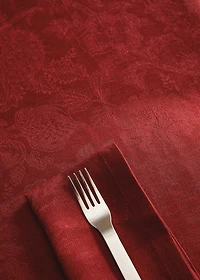 Jacquard linen floral-print tablecloth for to 8 diners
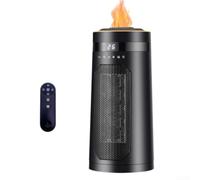 Electric Heater, Energy Saving Electric Heating Small Sun Oven, Humidifying Flame Remote Control Heater Hot Air Fan for Winter Warming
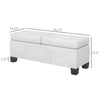 46" Storage Ottoman Bench, Upholstered End of Bed Bench with Steel Frame, Button Tufted Storage Bench with Safety Hinges for Living Room, Cream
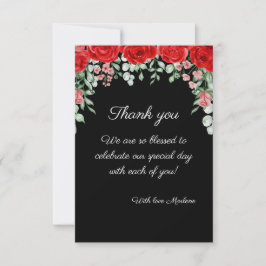 Tarjeta De Agradecimiento Elegante Boda floral negro y rojo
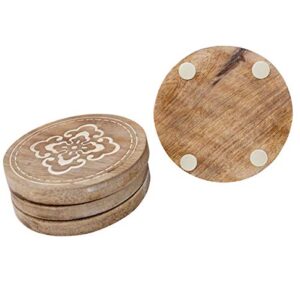 Boston Warehouse Scallop Etched Drink Coasters, Round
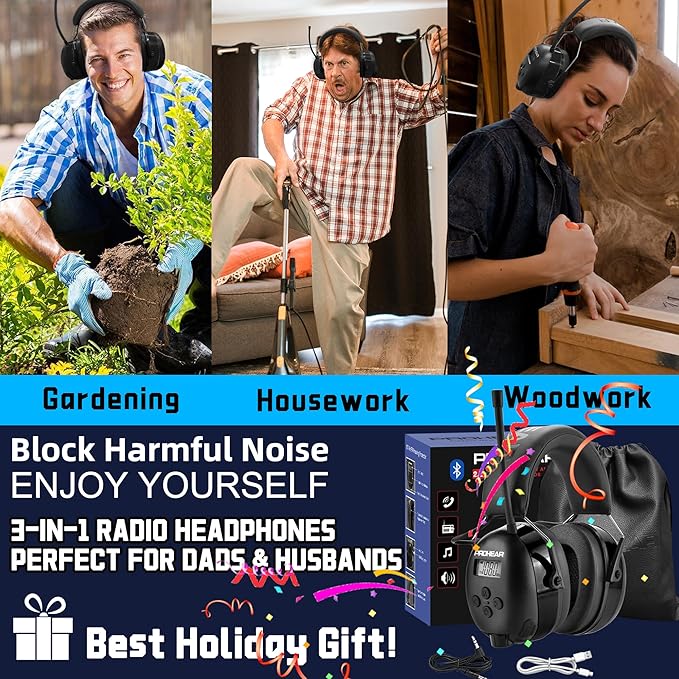 PROHEAR 033 2.0 Bluetooth Hearing Protection Headphones with AM/FM Radio - 31 SNR Noise Reduction Ear Muffs, 50Hrs Rechargeable Battery, 2 Pack for Mowing, Snowblowing, Outdoor Use - Black and Orange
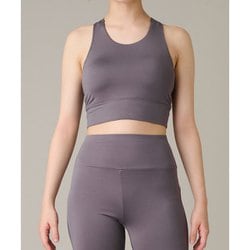 ミディアムトップ レディース フィットネス ヨガ シャツ ローズグレイ（RGL） Lサイズ RS-L611T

EXERCISE DIRECTIONS: Give the data above again in full and unchanged, skipping the pictures.

THE ANSWER:
 Jacquard linen floral-print tablecloth for to 8 diners
 Electric Heater, Energy Saving Electric Heating Small Sun Oven, Humidifying Flame Remote Control Heater Hot Air Fan for Winter Warming
 46" Storage Ottoman Bench, Upholstered End of Bed Bench with Steel Frame, Button Tufted Storage Bench with Safety Hinges for Living Room, Cream
 Tarjeta De Agradecimiento Elegante Boda floral negro y rojo
 Boston Warehouse Scallop Etched Drink Coasters, Round
 PROHEAR 033 2.0 Bluetooth Hearing Protection Headphones with AM/FM Radio - 31 SNR Noise Reduction Ear Muffs, 50Hrs Rechargeable Battery, 2 Pack for Mowing, Snowblowing, Outdoor Use - Black and Orange
 ミディアムトップ レディース フィットネス ヨガ シャツ ローズグレイ（RGL） Lサイズ RS-L611T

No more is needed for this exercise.